# Exercise description
An exact copy of the lines of the listing below between the "180x90x57cm镀锌板种植箱铁艺箱床腐烂花园户外花钵花园育苗箱" line and the "LIS-WRO flight routes" line, both included, is the whole answer; please omit the pictures.

# Given records
• • • • • • •
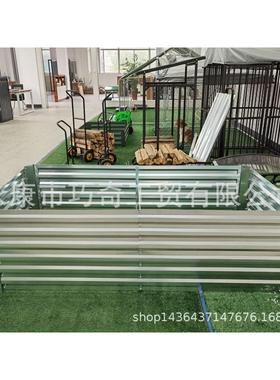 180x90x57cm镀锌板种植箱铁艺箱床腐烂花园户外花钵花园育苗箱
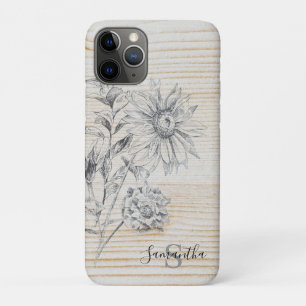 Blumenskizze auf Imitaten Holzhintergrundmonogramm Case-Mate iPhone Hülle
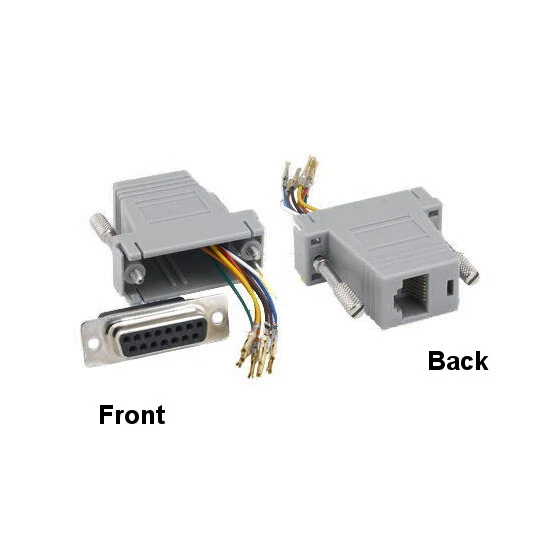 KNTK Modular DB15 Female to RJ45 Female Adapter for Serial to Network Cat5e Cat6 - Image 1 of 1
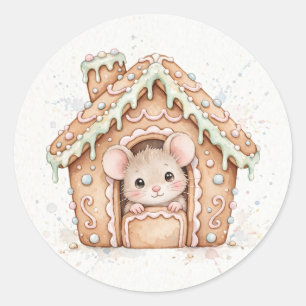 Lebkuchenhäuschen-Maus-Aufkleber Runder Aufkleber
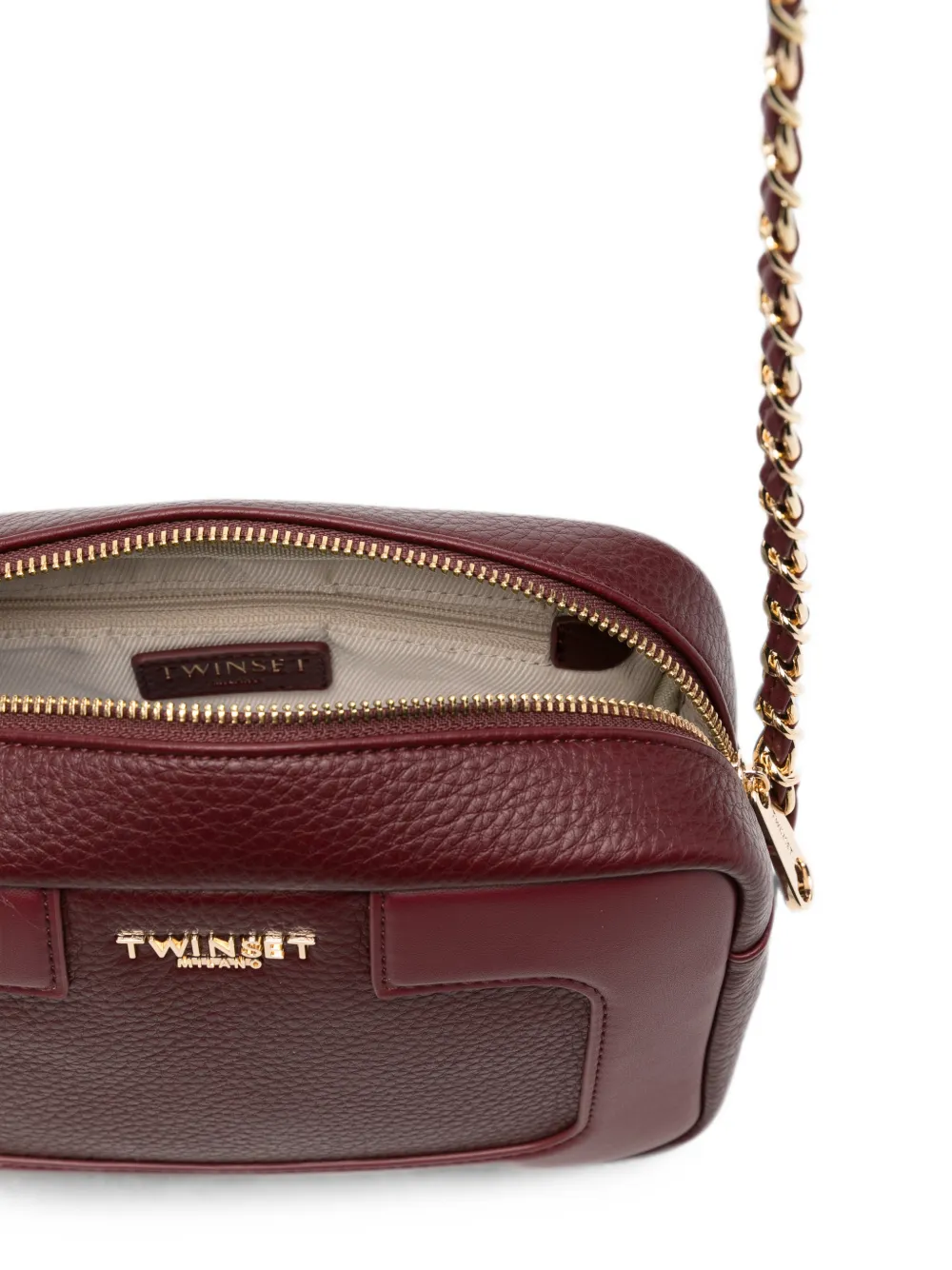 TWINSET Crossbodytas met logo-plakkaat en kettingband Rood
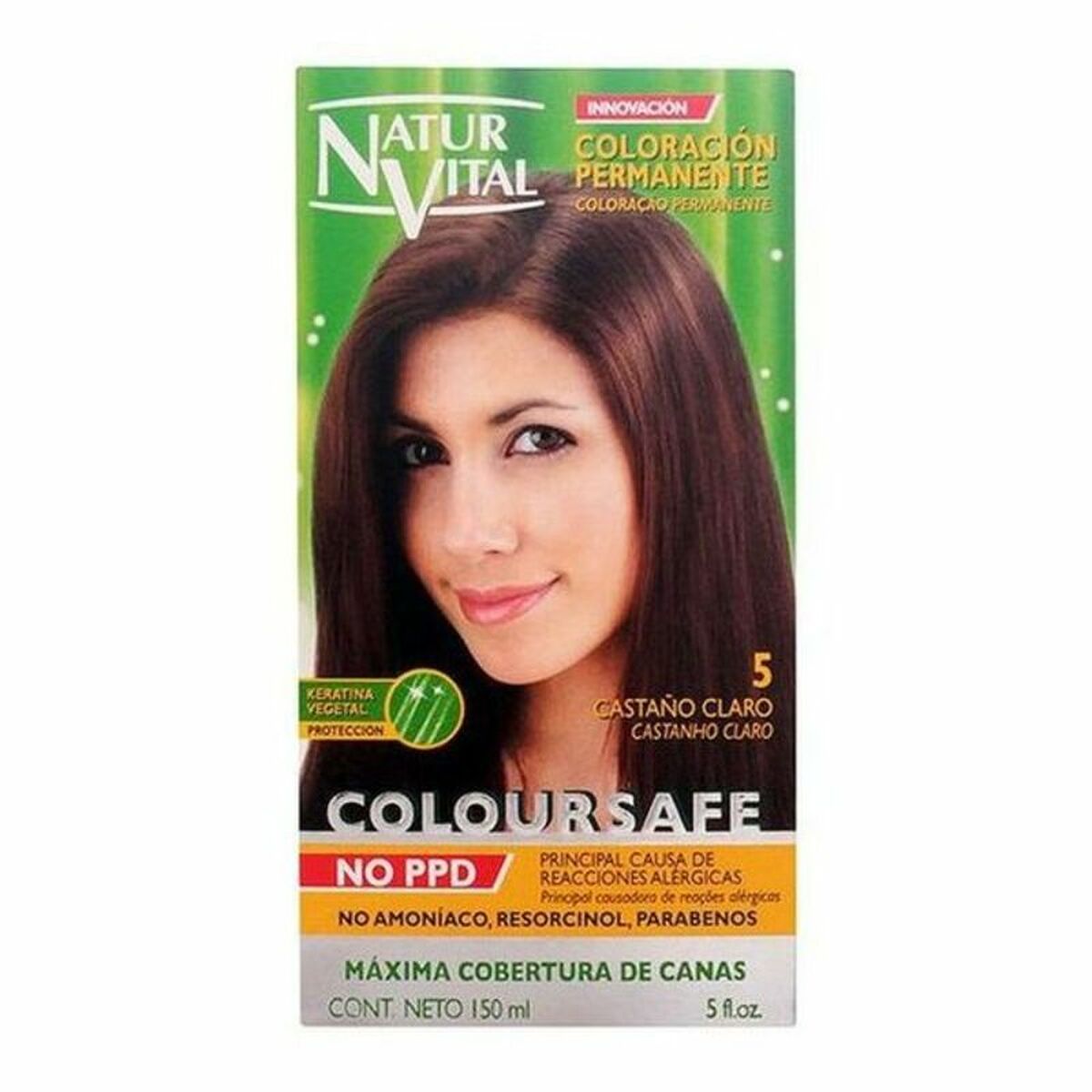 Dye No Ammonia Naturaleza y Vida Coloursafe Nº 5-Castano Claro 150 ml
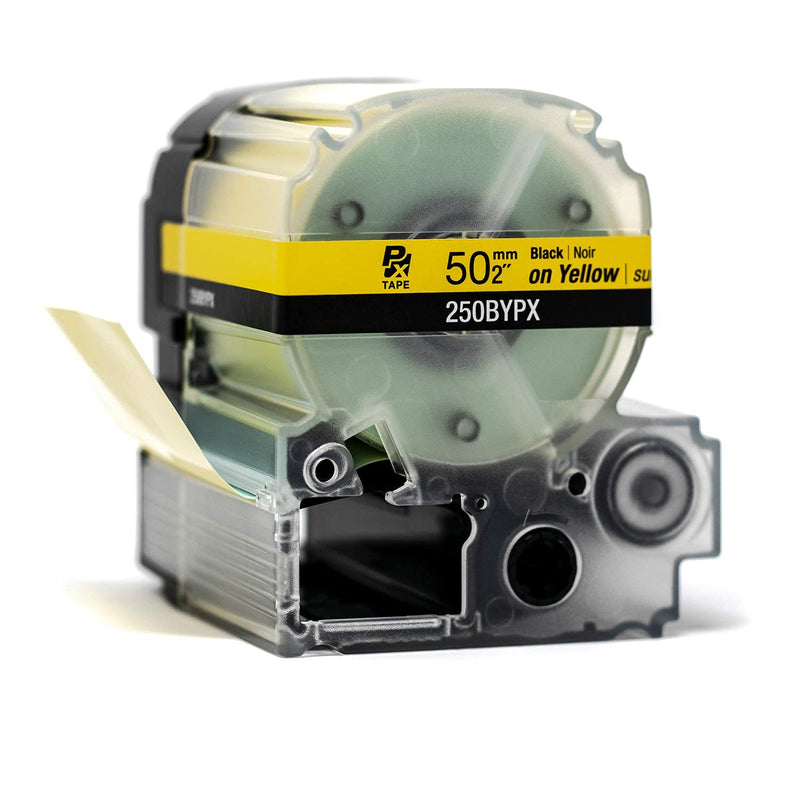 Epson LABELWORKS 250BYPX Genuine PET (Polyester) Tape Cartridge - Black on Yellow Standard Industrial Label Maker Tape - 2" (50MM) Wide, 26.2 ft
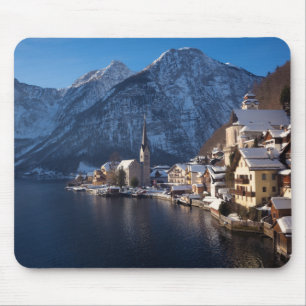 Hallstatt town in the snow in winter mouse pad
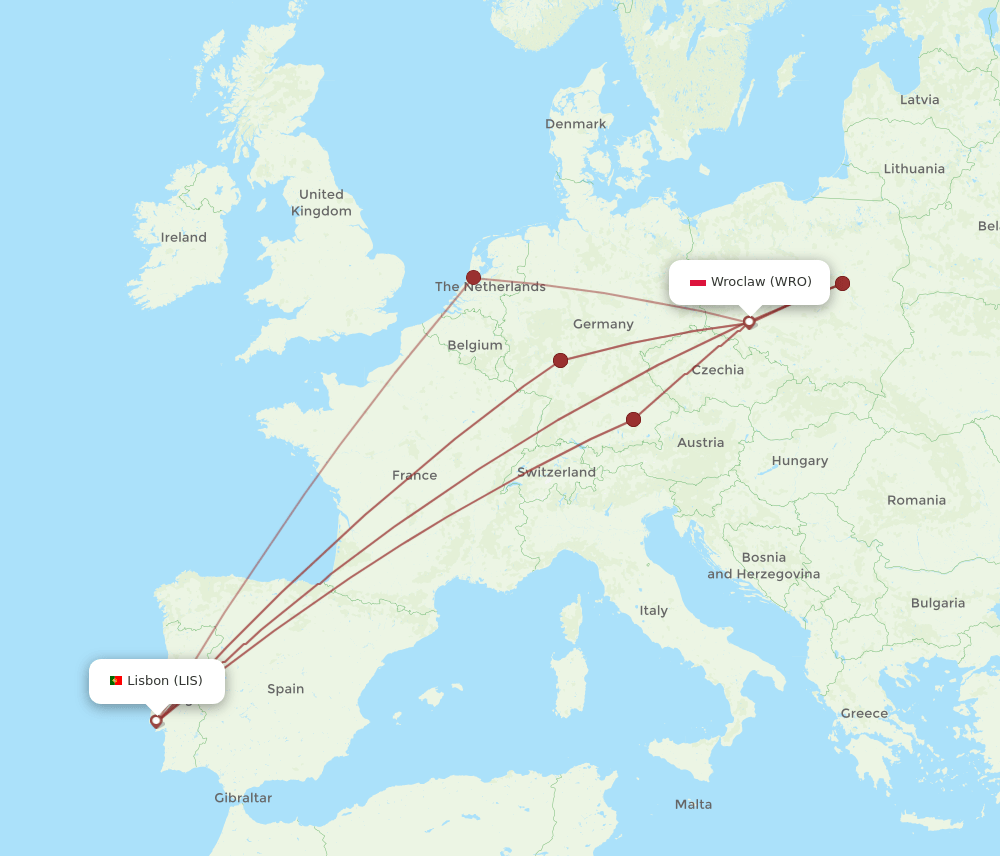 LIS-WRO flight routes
• • • • • • •
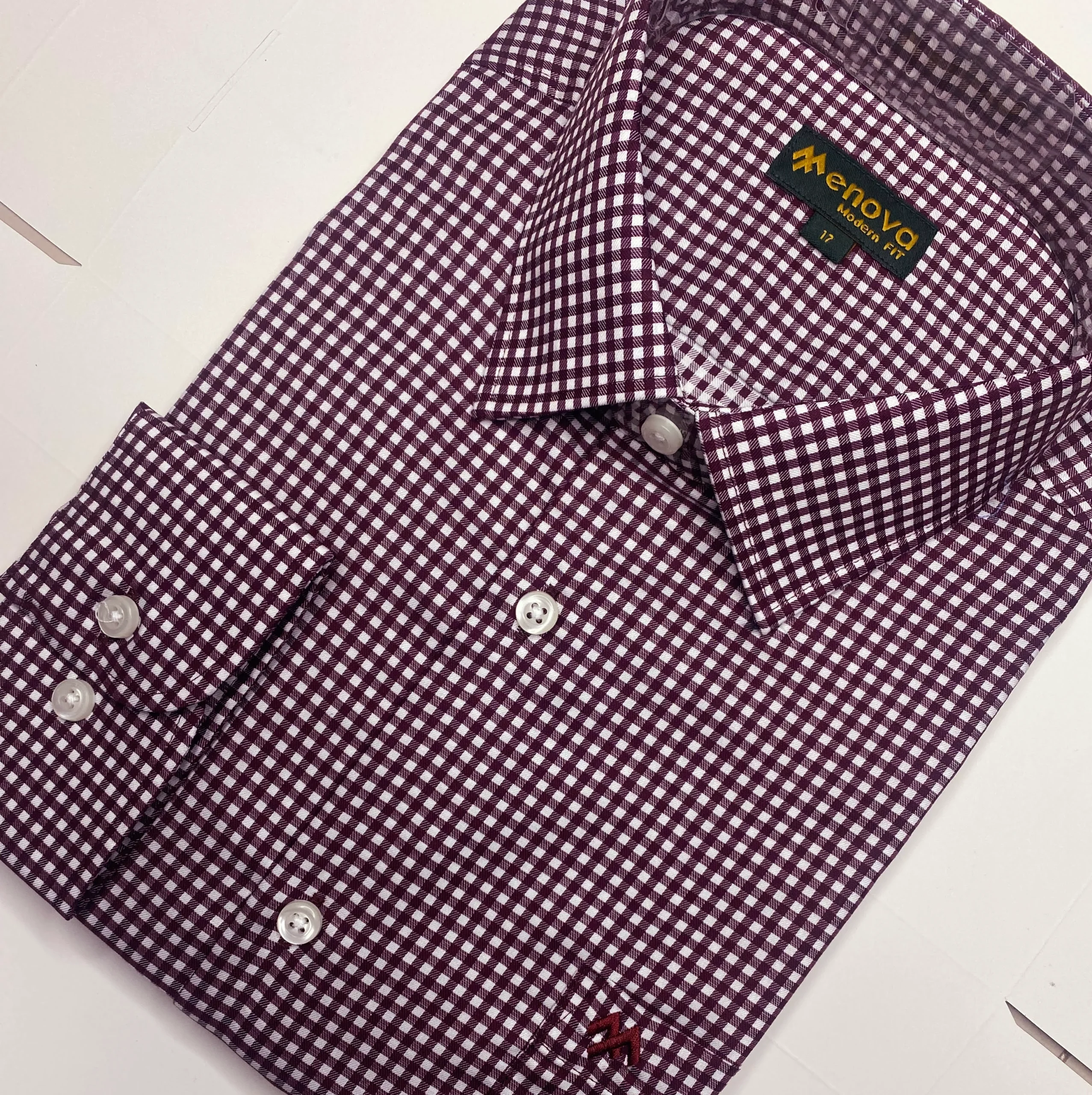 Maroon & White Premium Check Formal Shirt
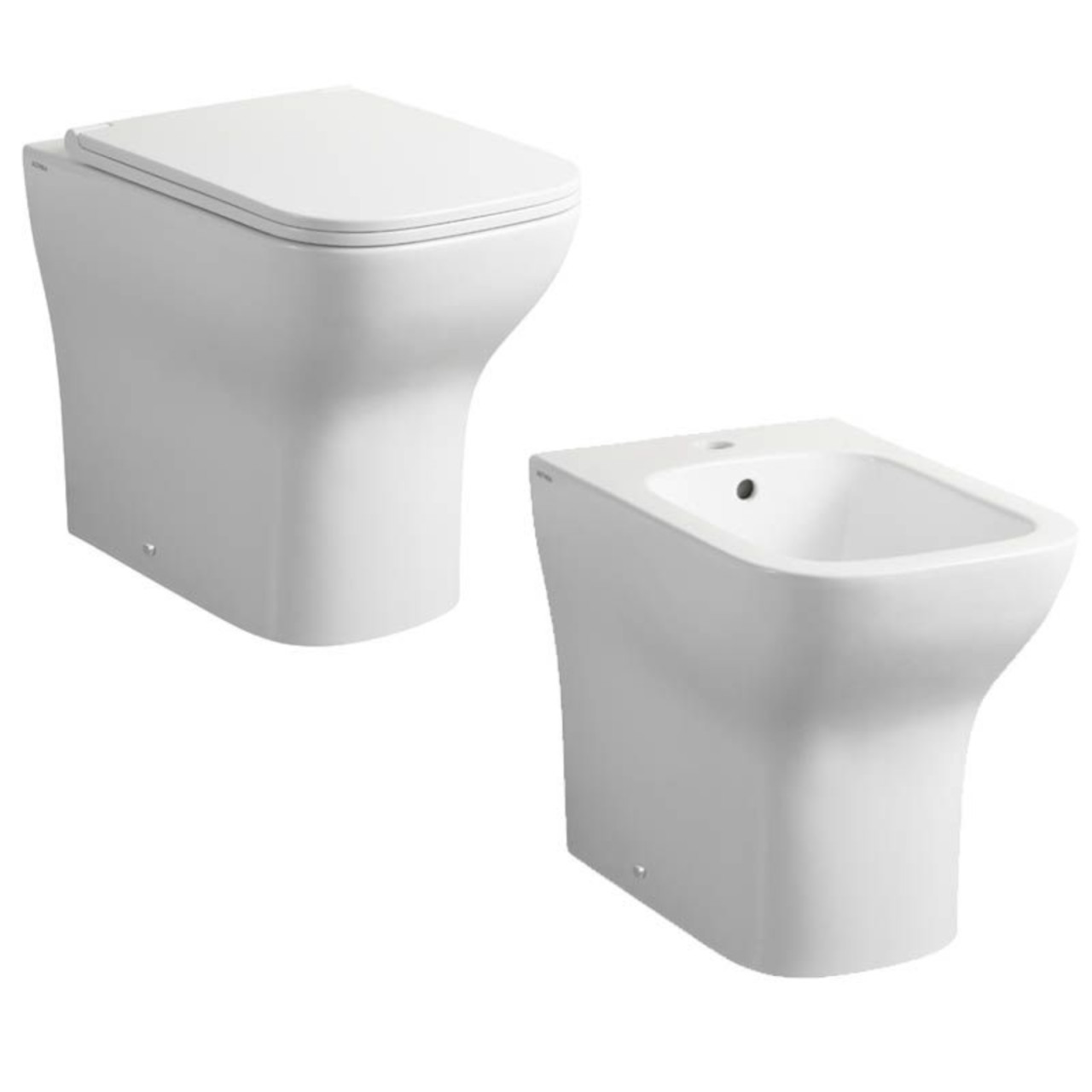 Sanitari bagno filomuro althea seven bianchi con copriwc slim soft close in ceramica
• • • • • • •
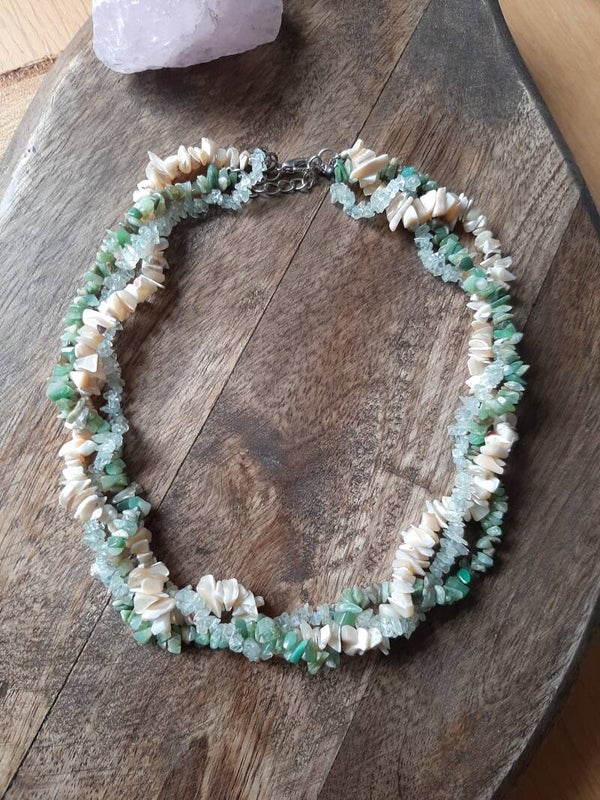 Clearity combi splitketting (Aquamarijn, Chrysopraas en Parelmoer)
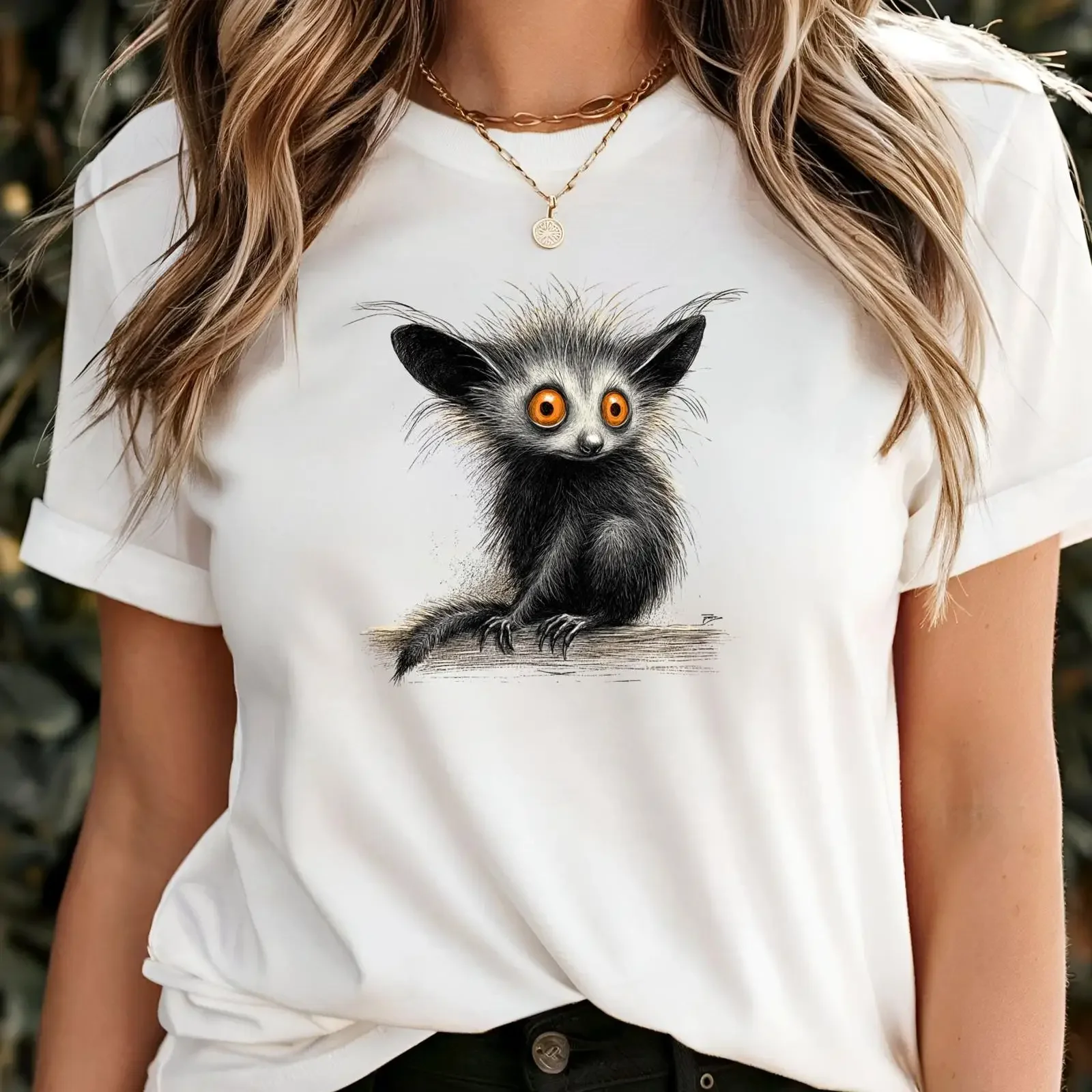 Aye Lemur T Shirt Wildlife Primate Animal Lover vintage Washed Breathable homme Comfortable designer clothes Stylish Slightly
• • • • • • •
# Solution to this task
 180x90x57cm镀锌板种植箱铁艺箱床腐烂花园户外花钵花园育苗箱
 Blumenskizze auf Imitaten Holzhintergrundmonogramm Case-Mate iPhone Hülle
 KNTK Modular DB15 Female to RJ45 Female Adapter for Serial to Network Cat5e Cat6 - Image 1 of 1
 Lebkuchenhäuschen-Maus-Aufkleber Runder Aufkleber
 TWINSET Crossbodytas met logo-plakkaat en kettingband Rood
 Dye No Ammonia Naturaleza y Vida Coloursafe Nº 5-Castano Claro 150 ml
 Epson LABELWORKS 250BYPX Genuine PET (Polyester) Tape Cartridge - Black on Yellow Standard Industrial Label Maker Tape - 2" (50MM) Wide, 26.2 ft
 Hallstatt town in the snow in winter mouse pad
 LIS-WRO flight routes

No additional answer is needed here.